Desain Gajah Mungkur Urusan Pemkab
GRESIK, Jawa Pos – Landmark atau tetenger baru berwujud Gajah Mungkur di simpang lima PT Petrokimia Gresik, Sukorame, terus menjadi perbincangan publik. Terutama soal bentuknya. Sebagian kalangan menyebut patung gajah lucu. Sejumlah anggota DPRD Gresik juga angkat suara.
Seperti diberitakan kemarin, biaya pembangunan
landmark Gajah Mungkur tersebut bukan dari APBD. Melainkan bantuan program corporate social responsibility (CSR) PT Petrokimia Gresik. Kabarnya, anggaran untuk membangun ikon baru berupa replika Gajah Mungkur itu mencapai Rp 1 miliar.
Humas PT Petrokimia Gresik Edri Gasyaf mengatakan, desain landmark Gajah Mungkur itu sepenuhnya dikerjakan tim pemkab. Karena itu, soal asal muasal bentuk gajah yang disoroti lucu karena tanpa telinga dan mata tersebut, pihaknya tidak bisa berkomentar banyak. ’’Langsung tanyakan ke pemkab,” ungkapnya.
Sebelumnya, pemkab juga membangun beberapa
landmark yang anggarannya bersumber dari pihak ketiga. Di antaranya, gapura perbatasan Kota Gresik– Surabaya dan di utara Waduk Bunder (PT Petrokimia Gresik), Tugu Keris Sumilang Gandring (PT Wilmar), dan Tugu Lontar (PT Smelting). Empat tetenger itu sudah selesai dibangun dan diresmikan.
Selain patung Gajah Mungkur, yang sedang dalam proses pengerjaan dan finishing adalah Menara Gardu Suling.

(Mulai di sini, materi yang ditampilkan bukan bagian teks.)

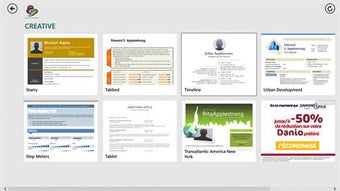 Image 0 for Resume Templates for Wind…
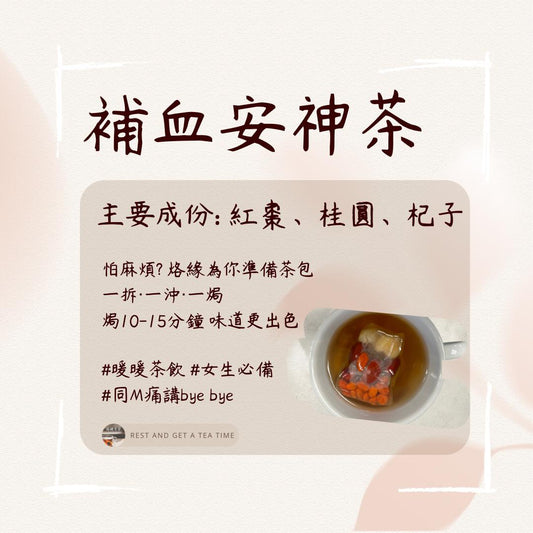 補血安神茶 （5包裝）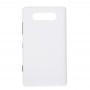 纯色NFC电池背盖，适用于诺基亚Lumia 820（白色）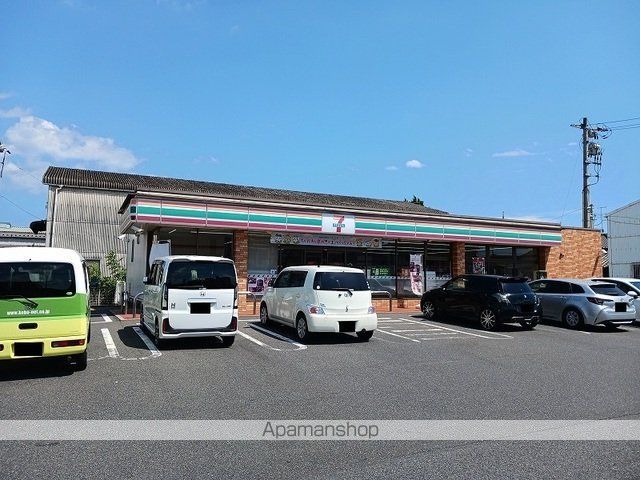 サニー曙の周辺写真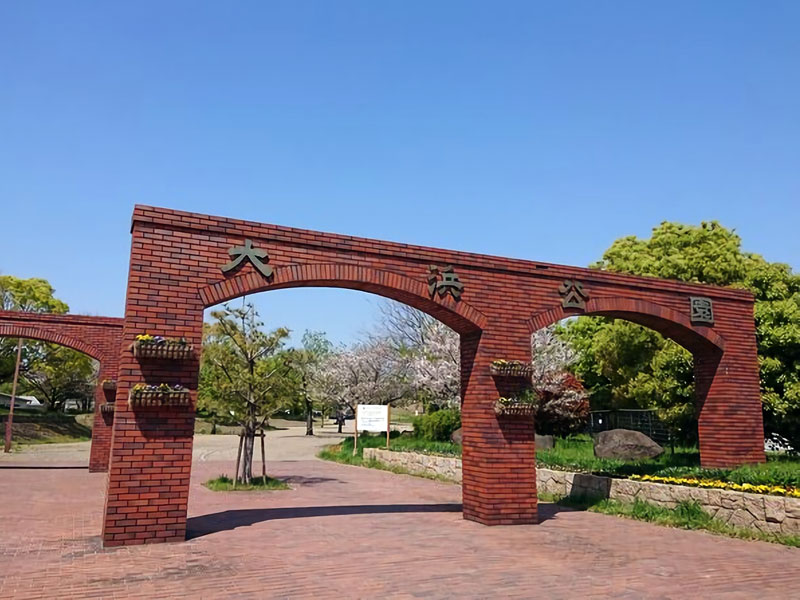 大浜公園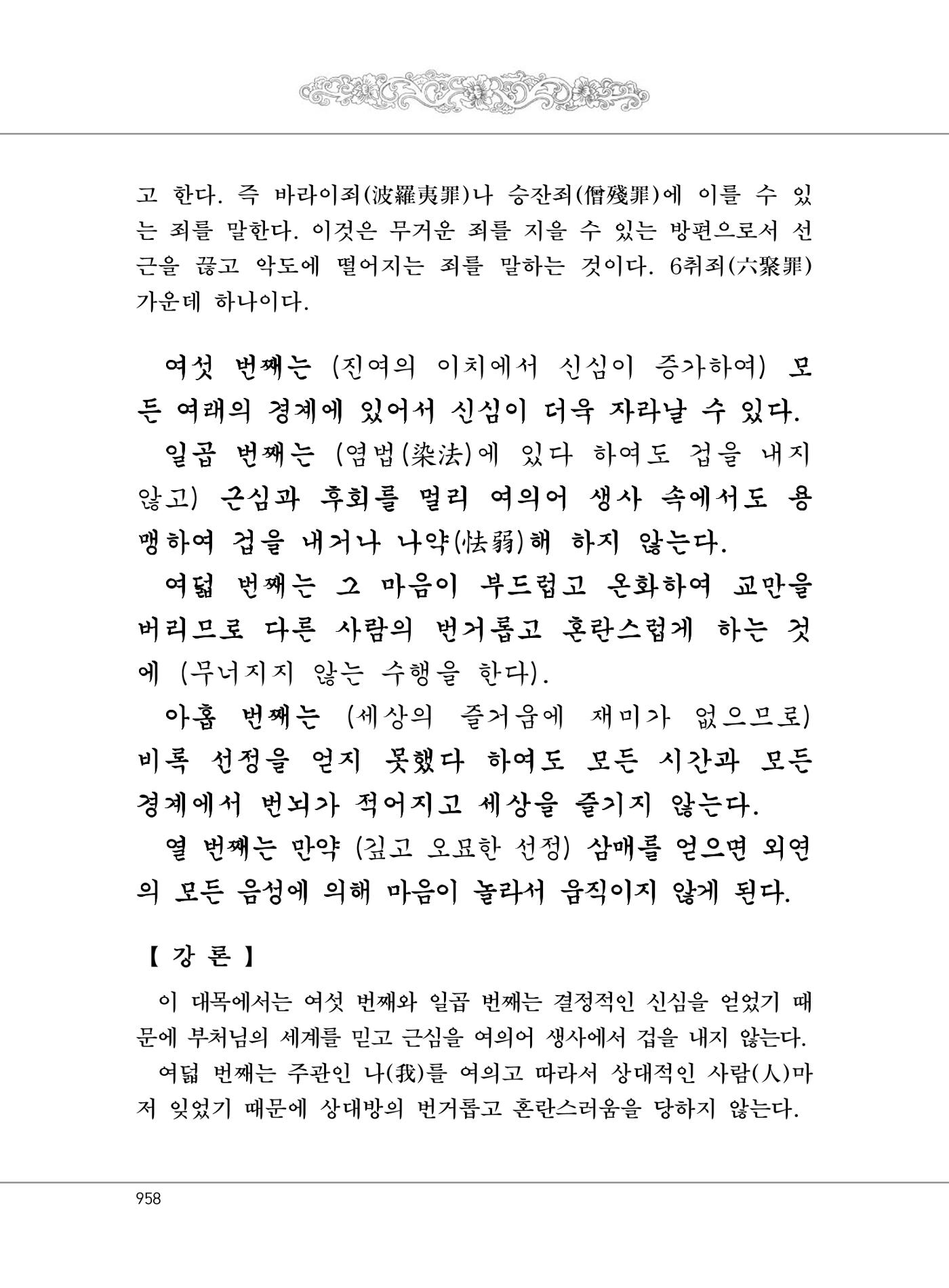 대승기신론2권 438페이지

Lokasinya di perempatan GNI Jalan Pahlawan. Bangunan itu hasil CSR dari PT Pembangkitan Jawa Bali (PJB) Gresik. Satu lagi yang sudah direncanakan adalah gapura perbatasan Gresik–Lamongan di Duduksampeyan. Wujudnya replika kapal Nyai Ageng Pinatih. Total alokasi anggarannya diperkirakan Rp 10 miliar.
Kabag Humas Pemkab Gresik Reza Pahlevi menuturkan, yang lebih mengetahui desain awalnya seperti apa adalah asisten. Yang jelas, landmark tersebut hanya menjadi simbol bahwa Gresik memiliki sejarah terkait Gajah Mungkur. ’’Untuk aslinya, bisa dilihat di Kampung Kemasan,” ujarnya.
Reza menambahkan, bentuk landmark Gajah Mungkur tidak menyerupai aslinya karena pemkab berharap tidak ada resistansi di kemudian hari. Sebab, Gresik juga mendapat sebutan Kota Santri. ’’Menurut Islam, kan tidak boleh membuat patung yang menyerupai aslinya. Nah, kami juga empertimbangkan itu,” ungkapnya.